Tusk: Not a moment for hysterical reactions over UK referendum

Tusk: Not a moment for hysterical reactions over UK referendum

Tusk: Not a moment for hysterical reactions over UK referendum


The president of the European Union has voiced the bloc’s determination to remain unified after Britain voted to leave on June 23, while cautioning against “hysterical” reactions.

“There’s no hiding the fact that we wanted a different outcome of yesterday’s referendum. I am fully aware of how serious, or even dramatic, this moment is politically. And there’s no way of predicting all the political consequences of this event, especially for the U.K. It is a historic moment but for sure not a moment for hysterical reactions. I want to reassure everyone that we are prepared also for this negative scenario. As you know, the EU is not only a fairweather project,” Donald Tusk, the chair of the European leaders, said June 24.

In a statement released to reporters in Brussels, Tusk said he had spoken to all EU leaders, prime ministers and presidents as well as heads of EU institutions, about the possibility of a “Brexit.”

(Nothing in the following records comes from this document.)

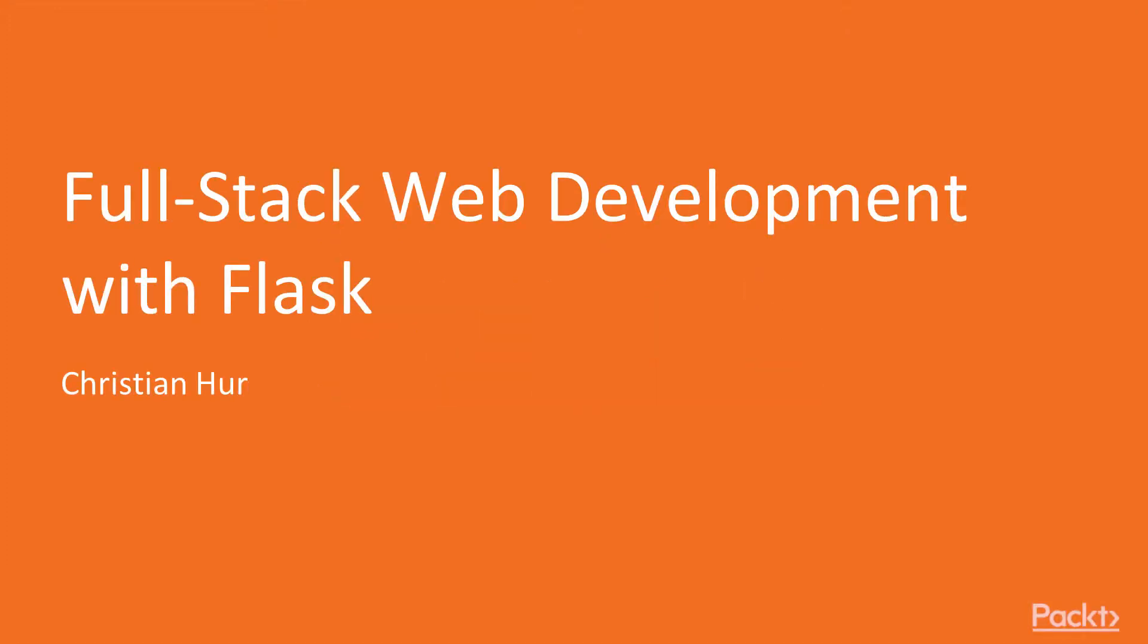Hi, my name is Christian Herr, and welcome to the course on Full-Stack Web Development with Flask.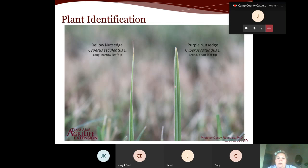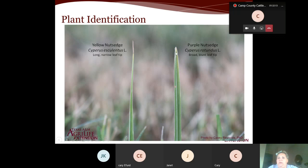Here is the comparison: yellow nutsedge has a fine leaf tip, while purple nutsedge has a more broad and blunt tip.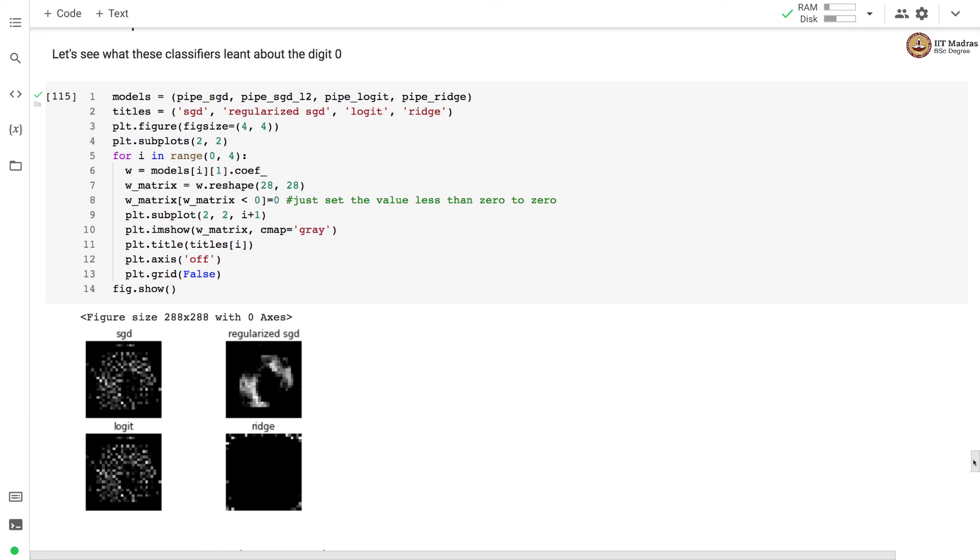In this video, we used another classification technique which is ridge classifier, which uses least square classification technique for training the model for detecting the digit 0 in the image. We also visualized the weight matrix learned by different classifiers.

“Today, on behalf of the 27 leaders [of EU countries other than Britain], I can say that we are determined to keep our unity as 27. For all of us, the union is the framework for our common future. I would also like to reassure you that there will be no legal vacuum. Until the United Kingdom formally leaves the European Union, EU law will continue to apply to and within the U.K. And by this, I mean rights and obligations,” he said.

‘What doesn’t kill you, makes you stronger’

Tusk, the president of the European Council since December 2014, acknowledged the recent years had been the most difficult in the history of their union. 

“But I always remember what my father used to tell me: What doesn’t kill you, makes you stronger,” he said.

Meanwhile, Council of Europe Secretary-General Thorbjørn Jagland also said the Brexit decision must be respected.

“The democratic decision in this referendum must be respected. The best way forward now is for the EU, in accordance with its best traditions, to work together with the U.K. government to obtain the most acceptable outcome for the citizens of U.K. and Europe. Everybody should now focus on what unites our family of European nations; democracy, human rights and the rule of law,” Jagland said in a statement.